Maya Angelou: 'We are all teachers whether we know it or not'

ATLANTA – Just a month shy of her 86th birthday, Maya Angelou has the mental agility of most women half her age.

This is matched by a longing to continue to share wisdom in spite of her increasingly frail health.

In reality this translates to a demanding schedule of lectures and speaking engagements up and down the country.

Still, when Dr. Angelou agreed to deliver a keynote speech at the inaugural Women 2 Women Conference in Atlanta this coming weekend her commitment was guided by a “sister-friendship.” The literary star is a close and longtime friend with conference organizer Sonjia Young.

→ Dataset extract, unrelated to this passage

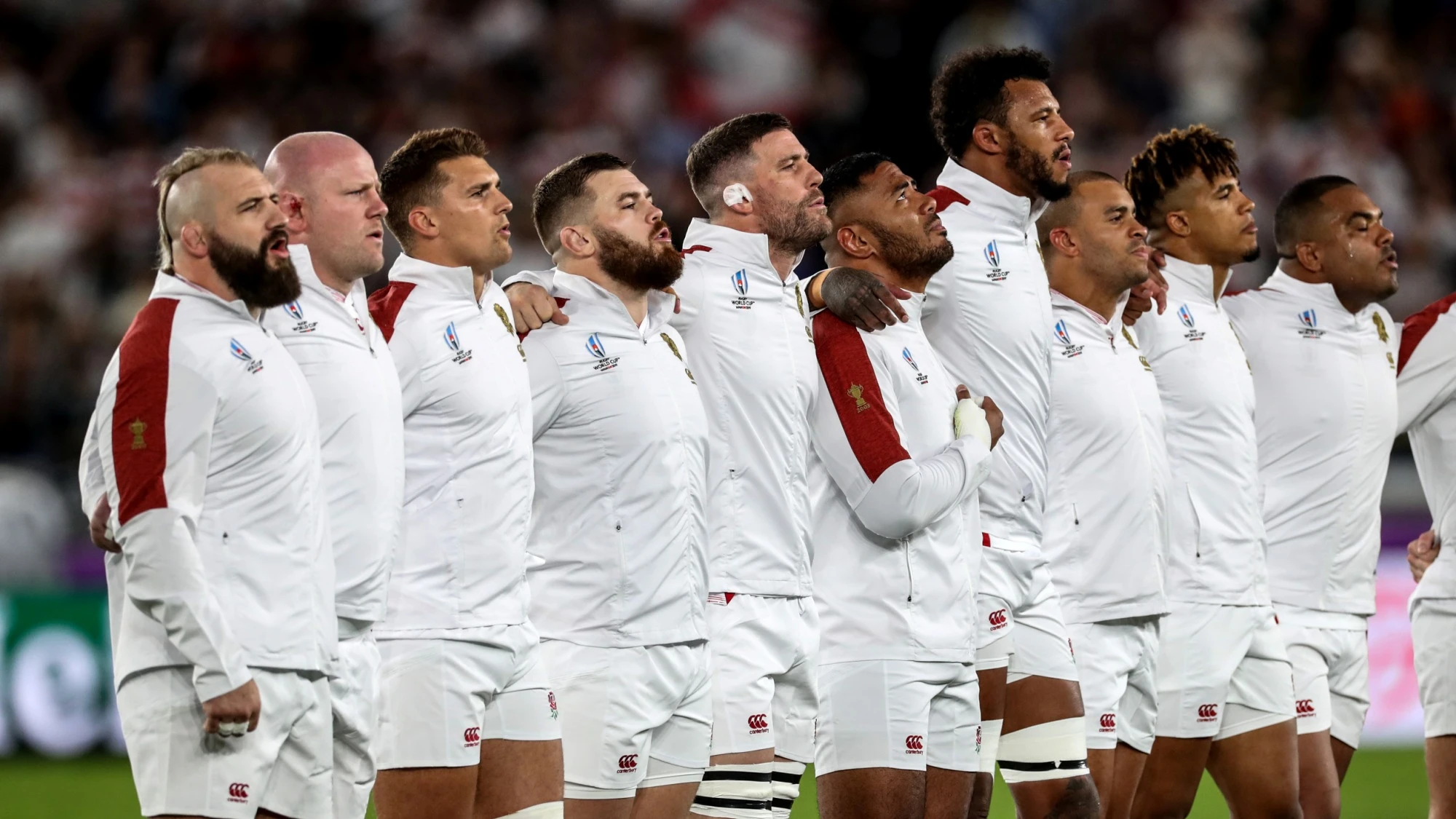 Jones sticks to tried and tested for World Cup final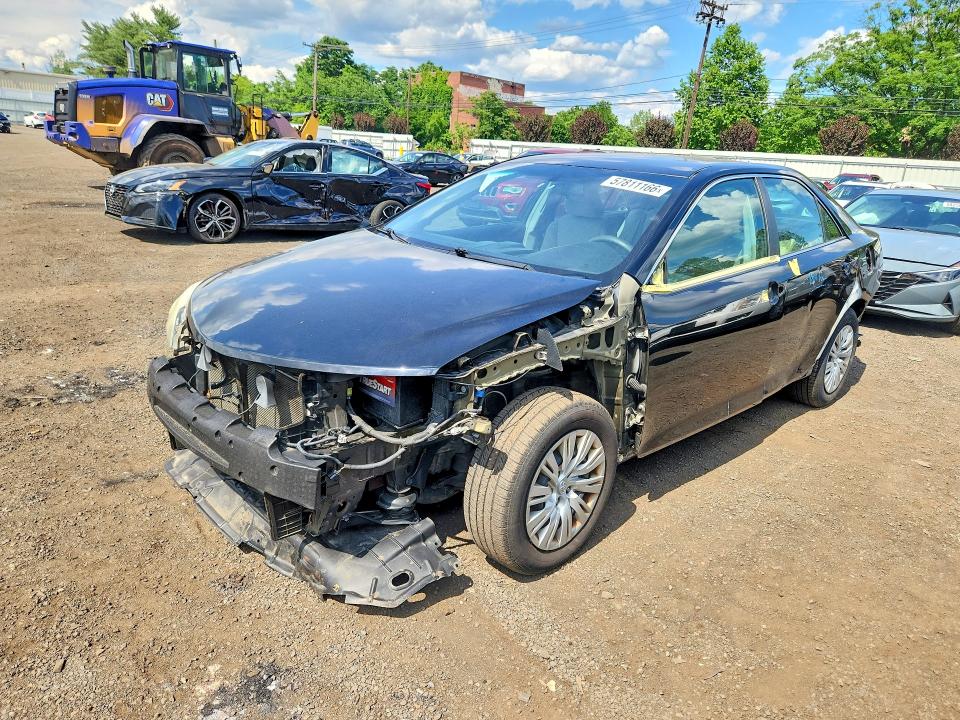 Auction sale of the 2013 Toyota Camry, vin: 4T4BF1FK6DR309882, lot number: 57811166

“We have been very good friends for many years,” said Dr. Angelou in an interview with theGrio. “We have loved her and I have taken her as a big sister. She’s not afraid to ask questions and I like that.”

Young, 71, a respected business owner and community leader, said the idea to bring women together to learn from each other has been five years in the making. She adds that based on years of experience mentoring young women, she saw the need to bring this mentor-mentee relationship that naturally exists among women in informal settings to the forefront.

Young finally found the necessary impetus to kick-start the symposium after launching the Young Eventions Group (YEG), an Atlanta-based nonprofit mentoring organization for women and their families.

Established in 2013, YEG promotes mentoring and supports initiatives dedicated to creating and nurturing relationships. Saturday’s convention is the first programming event for the newly minted nonprofit.

The goal of the day-long conference at Atlanta Marriott Marquis is to bring generations of women together to inspire one another and to learn from each other how to lead better, more fulfilling lives.

“The idea is to pass down lessons and legacies that seasoned women like me and Maya have learned, and share the benefit of our experiences with younger generations of women,” said Young, who incidentally happens to be the sister-in-law of civil rights leader Ambassador Andrew Young.

“Maya is also my personal mentor,” adds Young. “I’ve learned the value of intergenerational mentoring primarily through her example.”

“We are all teachers whether we know it or not,” said Dr. Angelou. “I used to think I was a writer who could teach but I’ve found in the last 15 years I am a teacher who can write.”

In fact, Dr. Angelou believes the age-old tradition of elders passing down their wisdom has been watered down, partly because “older people are not respected as much as they used to be.”

She also asserts that technological advances, particularly the reliance of the Internet as a tool for information, is another is factor. But “A laptop can only do what you tell it to do,” said Dr. Angelou.

It is with this steadfast commitment that 85-year-old Dr. Angelou will depart from her Colonial-style North Carolina home, most likely on Friday, to travel into Atlanta. “The youngsters don’t have to make all the mistakes again,” said Dr. Angelou.

Dr. Angelou will speak from the theme “I Am Here for You,” a sentiment she expressed to Young when she was asked to deliver her speech. The internationally celebrated poet and formidable author will also receive the “Phenomenal Woman Award” on Saturday, an accolade designated in her honor and coined after one of her most famous works.

Dr. Angelou will be joined by a diverse and influential roster of panelists who will share personal stories and knowledge on topics ranging from health to career success and interpersonal relationships.

Others — such as Elisa M. Palefsky, Vice President of Sales at SPANX; Camille Davis-Williams, the founder of Greater Atlanta Women’s Healthcare and Alena Edmondson, a sought after life coach — will also pass on their knowledge.

YEG will donate a portion of the proceeds to the Maya Angelou Teen Center at the Andrew & Walter Young Family YMCA, a state-of-the-art youth center in Southwest Atlanta.

The center, opened in 2011, offers a program designed to transform teens’ belief systems about their abilities, potential and capacity to overcome obstacles. Among other things, the initiative offers conflict resolution skills as well as leadership and personal development training.